=== RECORDS FOR THIS EXERCISE ===

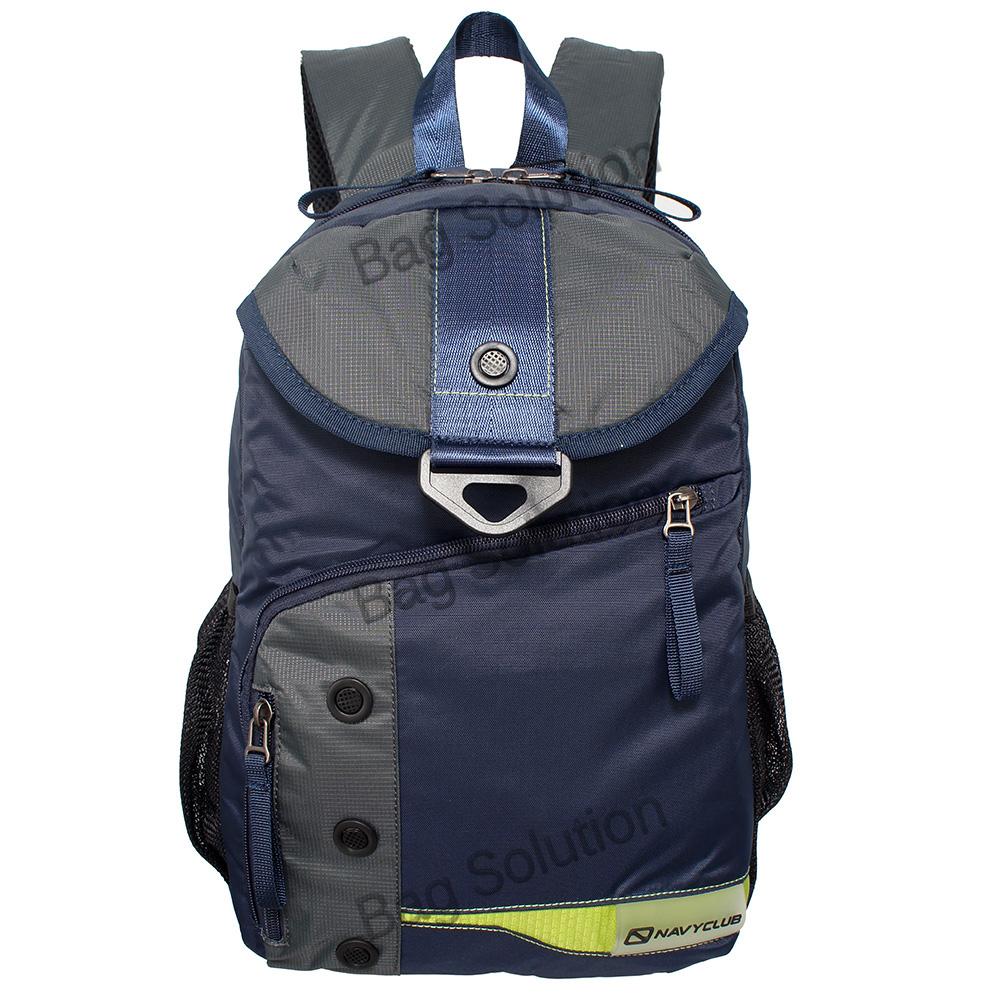 Navy Club New Arrival Tas Ransel Tas sekolah Kasual Trendy Tas Punggung - Tas Ransel Pria Tas Ransel Wanita EIAE a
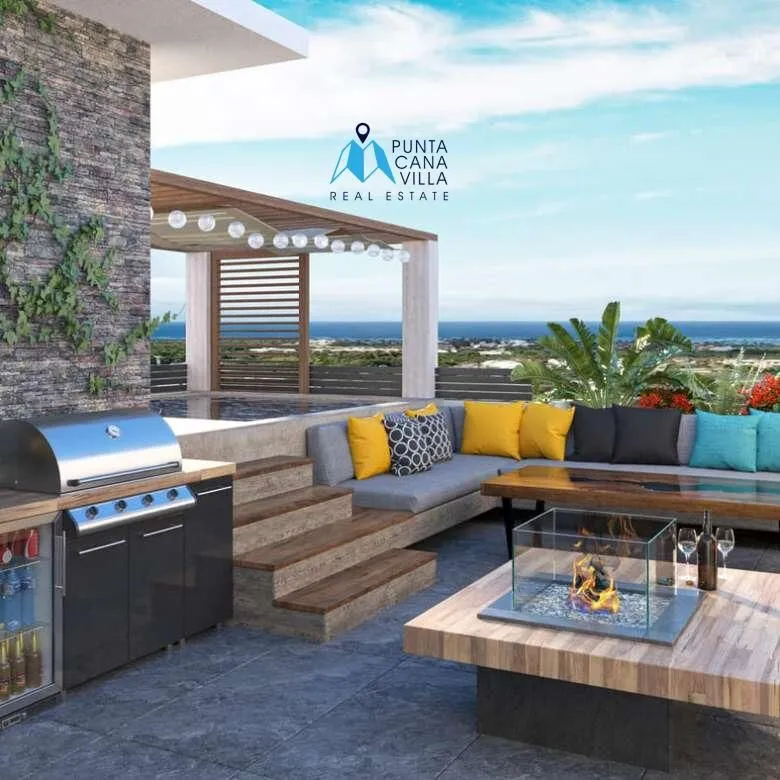 Palms Oasis penthouse for sale Punta Cana, Terrace jacuzzi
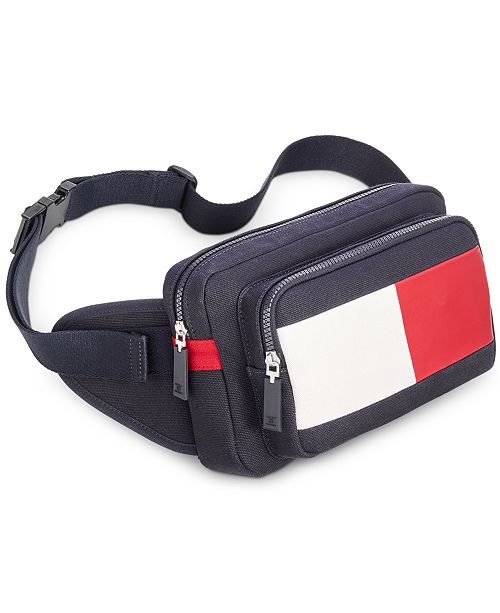 Tommy Hilfiger Men S Hayes Colorblocked Canvas Belt Bag Reviews All Accessories Men Macy S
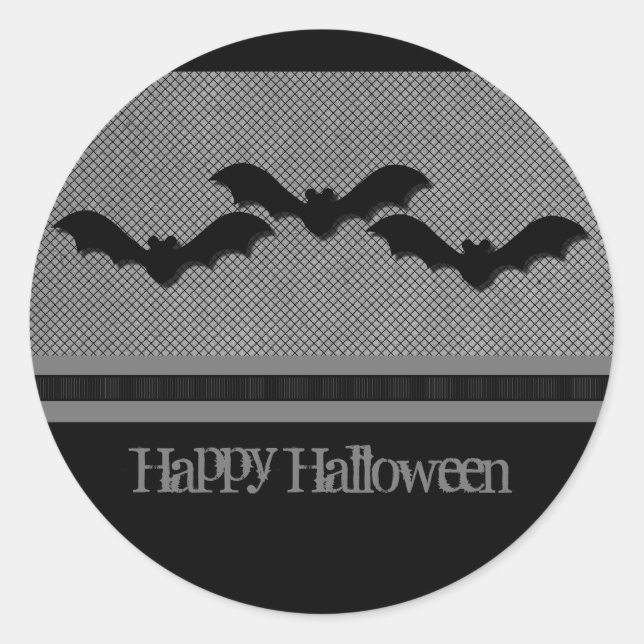 Pegatinas de Halloween con bates escalofriantes, g (Anverso)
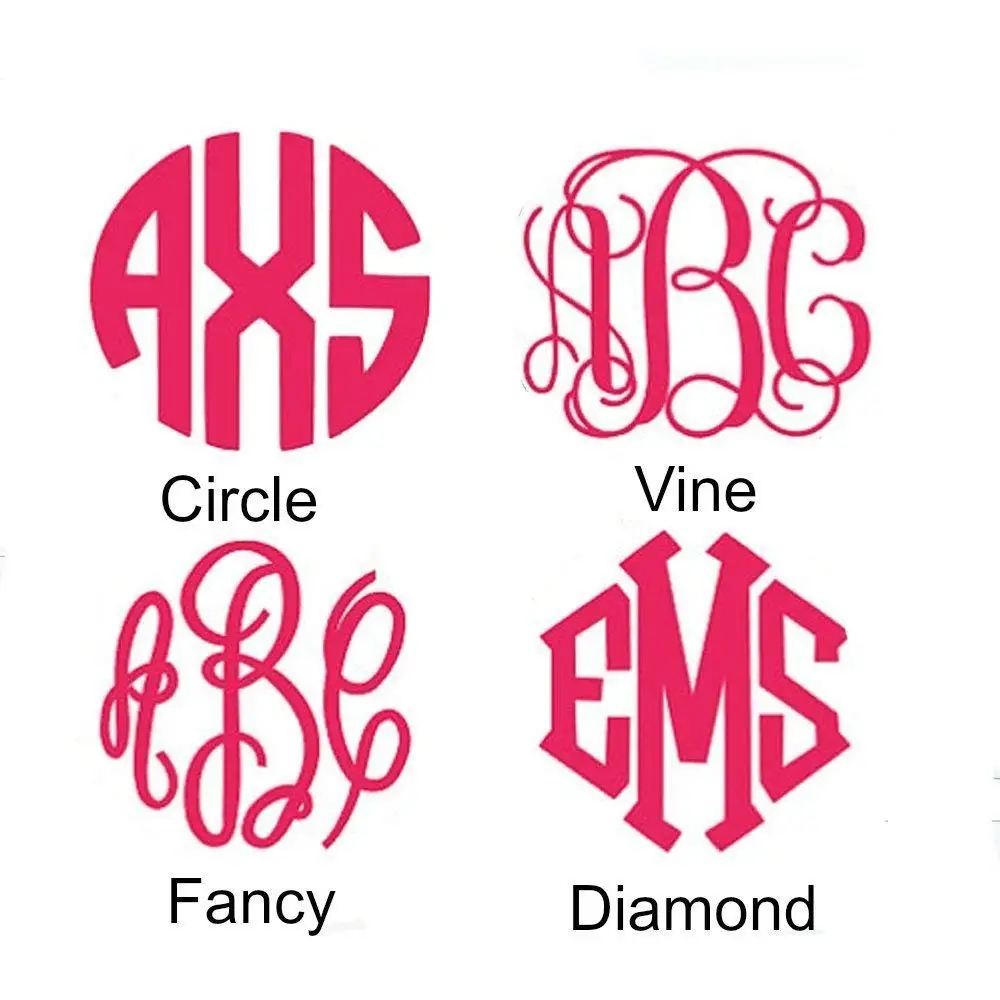 Lilly Inspired Vinyl Choose your Style Custom Monogram Large Decal Print & Size 5.5-11.5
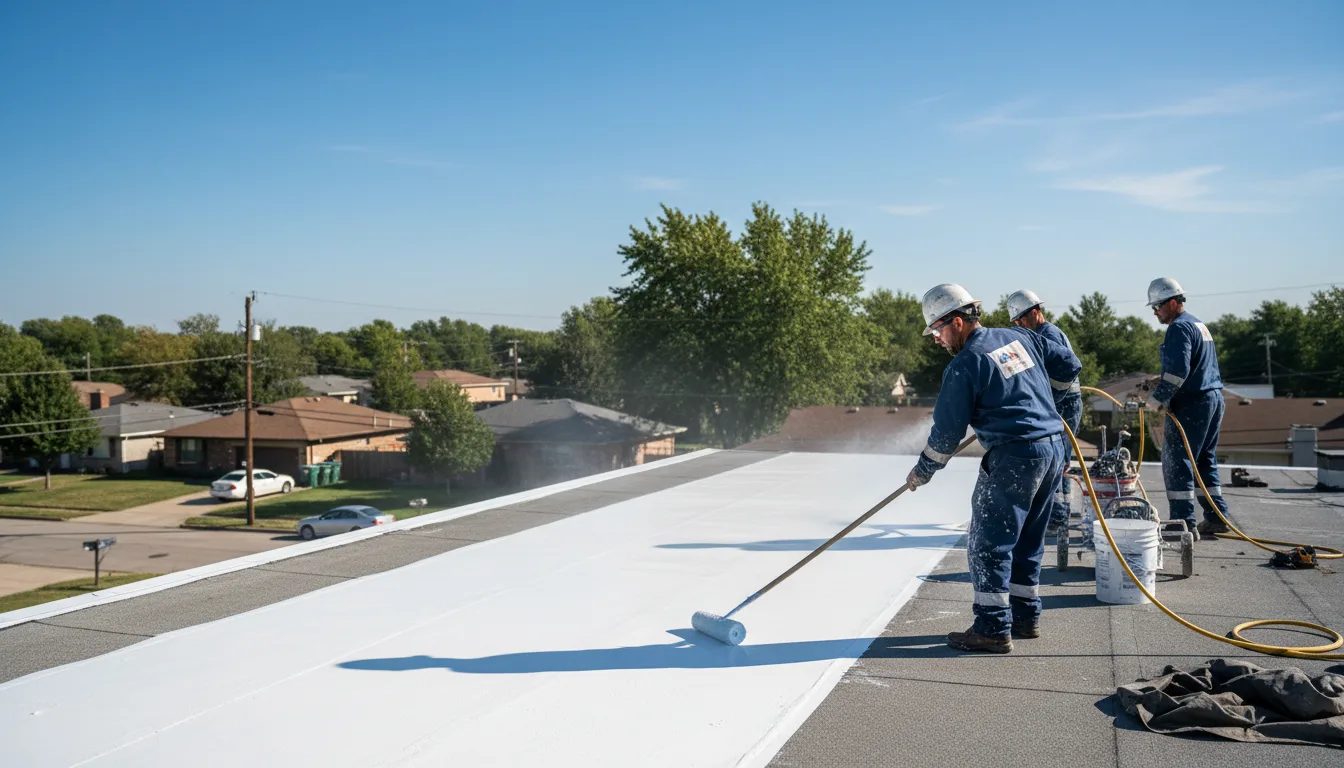 Commercial roof coating in Louisburg, NC near me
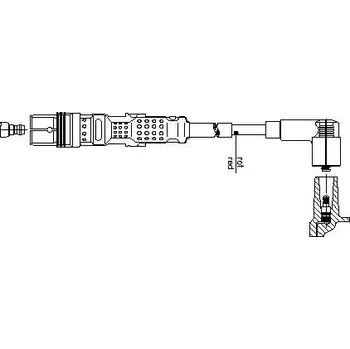 Zapalovací kabel zapalovací kabel, , 021905430CG, BREMI, 1A24E86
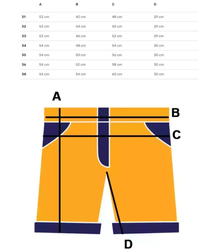 Men's short shorts denim shorts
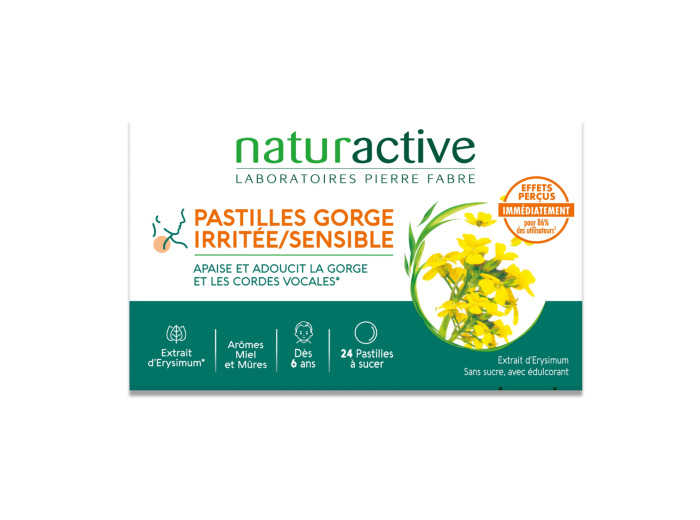 NATURACTIVE PASTILLES GORGE 24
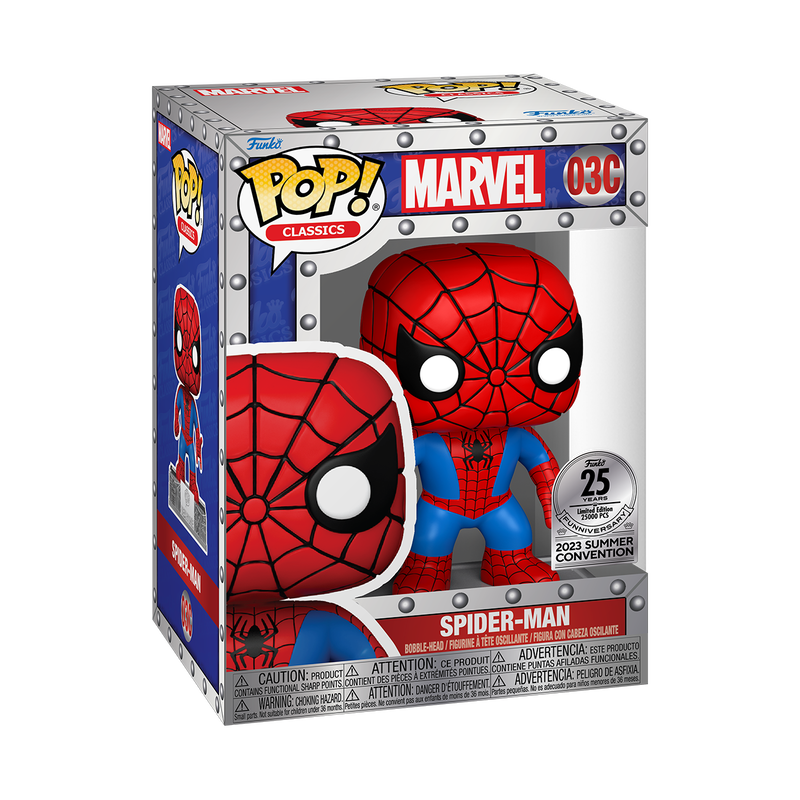 Funko POP! Marvel Comics Spider-Man 03C Spider-Man Classics 25th Anniversary SDCC 2023 Summer Convention Shared Exclusive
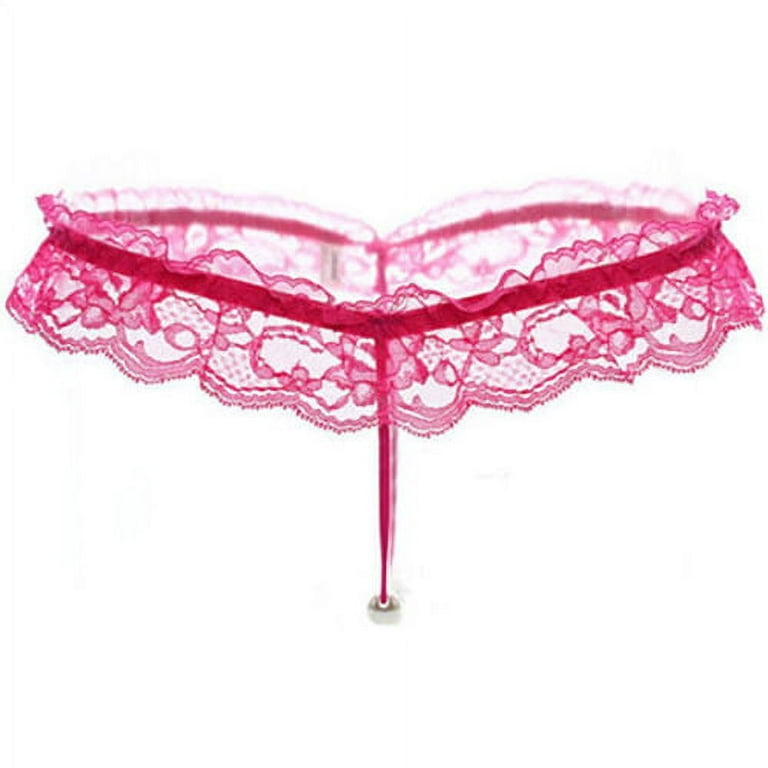 Womens Lace Open Crotch Thong Massage Pearl Transparent Panties Panties Lot  7 Womens Lingerie Underwear Sexy Hot Pink : : Clothing, Shoes &  Accessories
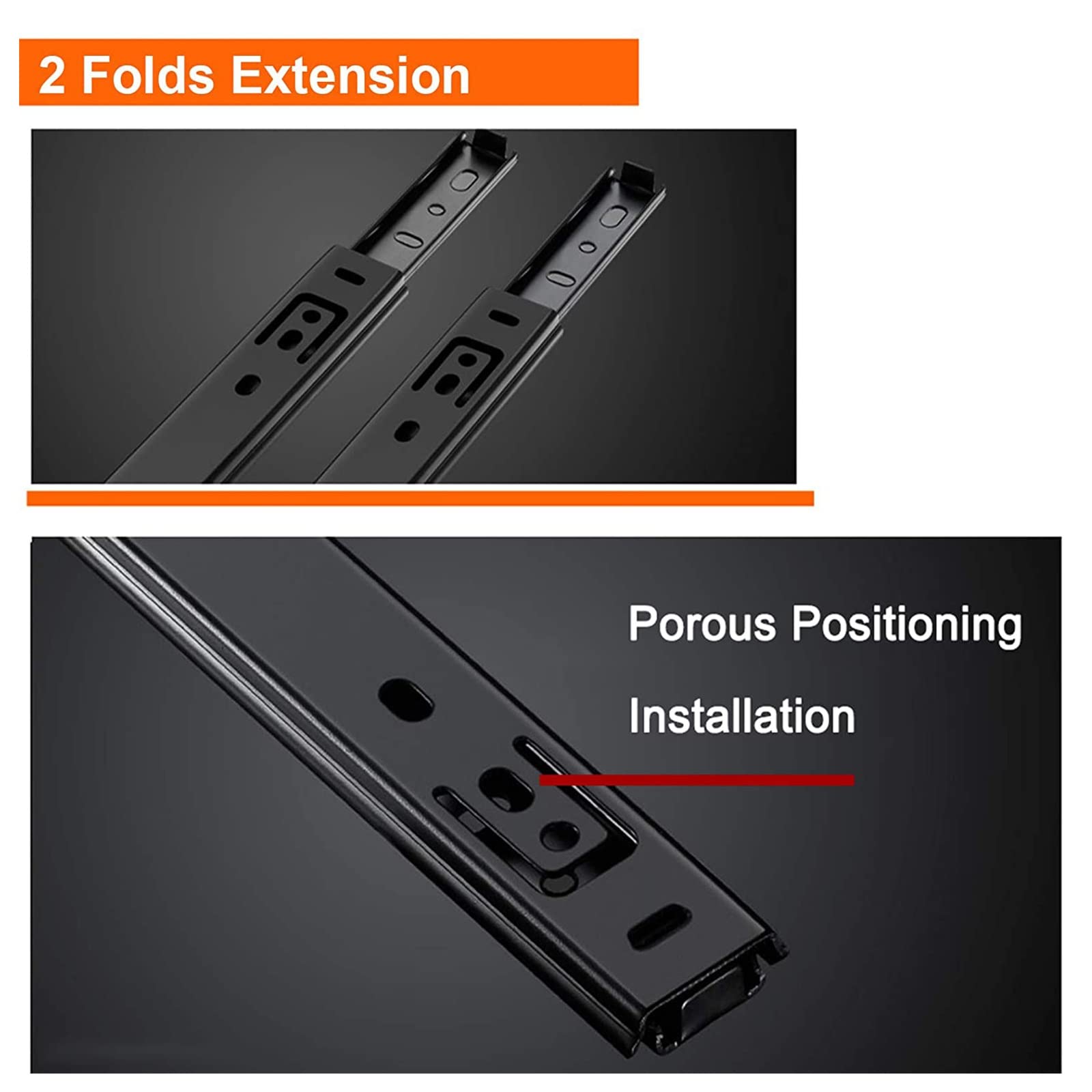 Amazon.co.jp: 引き出し スライド金具 20cm 25cm 30cm 35cm 40cm 45cm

===

_EXERCISE:_ Reproduce every record above exactly, but leave out the pictures.

_RESULT OF THE EXERCISE:_
 Navy Club New Arrival Tas Ransel Tas sekolah Kasual Trendy Tas Punggung - Tas Ransel Pria Tas Ransel Wanita EIAE a
 Palms Oasis penthouse for sale Punta Cana, Terrace jacuzzi
 Tommy Hilfiger Men S Hayes Colorblocked Canvas Belt Bag Reviews All Accessories Men Macy S
 Pegatinas de Halloween con bates escalofriantes, g (Anverso)
 Lilly Inspired Vinyl Choose your Style Custom Monogram Large Decal Print & Size 5.5-11.5
 Commercial roof coating in Louisburg, NC near me
 Zapalovací kabel zapalovací kabel, , 021905430CG, BREMI, 1A24E86
 Men's short shorts denim shorts
 NATURACTIVE PASTILLES GORGE 24
 Funko POP! Marvel Comics Spider-Man 03C Spider-Man Classics 25th Anniversary SDCC 2023 Summer Convention Shared Exclusive
 Womens Lace Open Crotch Thong Massage Pearl Transparent Panties Panties Lot  7 Womens Lingerie Underwear Sexy Hot Pink : : Clothing, Shoes &  Accessories
 Amazon.co.jp: 引き出し スライド金具 20cm 25cm 30cm 35cm 40cm 45cm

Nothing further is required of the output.